Mempedulikan Hak Kesehatan Perempuan


Oleh: Ken Ratih Indri Hapsari



Pada Tanggal 25 November 2007, kembali dunia memperingatinya sebagai Hari Anti Kekerasan Terhadap Perempuan. Anti kekerasan terhadap perempuan dimaknai sebagai sikap yang menjunjung tinggi hak perempuan. Antara lain hak perempuan untuk hidup sehat. Kesehatan bagi perempuan merupakan hal yang sangat krusial, terutama di negara dunia ketiga dimana angka kematian ibu sangat tinggi.
Siapa yang tahu mengenai sebab kematian R.A. Kartini yang pedih itu?
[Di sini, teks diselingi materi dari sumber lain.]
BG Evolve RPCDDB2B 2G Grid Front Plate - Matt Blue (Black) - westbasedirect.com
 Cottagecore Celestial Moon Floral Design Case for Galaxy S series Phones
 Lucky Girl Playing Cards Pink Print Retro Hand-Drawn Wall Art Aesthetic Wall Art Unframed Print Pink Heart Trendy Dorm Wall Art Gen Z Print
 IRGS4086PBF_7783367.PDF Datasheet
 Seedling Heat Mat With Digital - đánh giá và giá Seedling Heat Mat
Dalam buku sejarah tidak pernah dibahas bahwa Kartini menghembuskan nafas terakhirnya ketika melahirkan. Kematian seorang ibu ketika melahirkan dianggap perihal wajar sebagai perjuangan demi melanjutkan generasi selajutnya, bukan dipandang sebagai persoalan proses reproduksi dan persoalan hak kesehatan reproduksi perempuan, demikianlah adanya budaya Jawa yang berkembang bahkan masih bertahan hingga di masa modern seperti sekarang ini.
Saat ini, seiring dengan meningkatnya jumlah kemiskinan perempuan yang mengalami nasib seperti Kartini kian banyak. Namun, pihak pemerintah belum bergeming dan memprioritaskan mensejahterakan perempuan. Karena kesejahteraan perempuan dengan akses kesehatan yang mudah untuk dijangkau dan murah, dengan pendidikan yang murah dan tidak diskriminatif, dengan kondisi alam yang kondusif untuk berlangsungnya kehidupan dan tidak membahayakan serta berlimpahnya bahan pangan akan mengurangi resiko perempuan mengalami persoalan kesehatan dan gizi buruk.
Hak kesehatan reproduksi adalah menjadi salah satu bagian hak asasi manusia yang dijamin oleh berbagai perjanjian internasional, diantaranya seperti Konvensi Penghapusan Segala Bentuk Diskriminasi Terhadap perempuan (CEDAW). Namun hingga saat ini negara yang seharusnya pihak yang bertanggung jawab untuk memberi perlindungan tapi justru sebaliknya, lebih berpihak pada kaum pemodal dan pengusaha. Rakyat dibiarkan menjadi korban pencemaran limbah beracun pabrik-pabrik, rakyat dibiarkan menderita karena bencana kekeringan, bencana pemanasan global, atau pemerintah terkesan melindungi perusahaan yang mengakibatkan bencana Lumpur panas Sidoarjo.
Persoalan kerusakan alam seperti krisis air telah menyumbang angka kematian sebesar 34,6% terhadap anak-anak khususnya pada negara dunia ketiga. Setiap tahunnya 5.000.000 anak meninggal karena terkena penyakit diare. Bekurangnya persediaan air bersih selain dikarenakan privatisasi air, pengalihan sumber air bagi AC bagi hotel-hotel mewah, air bagi industri perkotaan, air untuk coolant (cairan untuk pendingin mesin), atau terpolusinya air karena timbunan sampah-sampah industri, hingga tidak terelakkan mengorbankan kebutuhan air bersih bagi masyarakat luas dan anak-anak yang tak ubahnya sebagai tumbal atas nama pembangunan.
Ancaman berbagai macam zat beracun yang disebabkan oleh limbah industri yang tidak bertanggung jawab terhadap kelangsungan ekologis akan menghancurkan kehidupan penduduk miskin. Dalam hal ini anak-anak sebagai korban pertama yang akan terkena dampaknya, karena anak-anaklah yang paling peka terhadap kontaminasi bahan kimia, selanjutnya pencemaran air yang disebabkan bahan kimia termanifestasi dalam kondisi kesehatan mereka. Misalnya, penyakit polio, diare, kolera akan semakin mudah menyerang anak, dimana mereka hidup pada situasi persediaan air yang tercemar.
Maka, pada momentum Hari Anti Kekerasan Terhadap perempuan Sedunia ini, mari kita memaknainya dengan semangat untuk terus memperjuangkan kehidupan yang layak bagi masyarakat dan menuntut diberlakukannnya peraturan hukum yang memadai yang pro kepentingan perempuan dan kepentingan rakyat secara keseluruhan.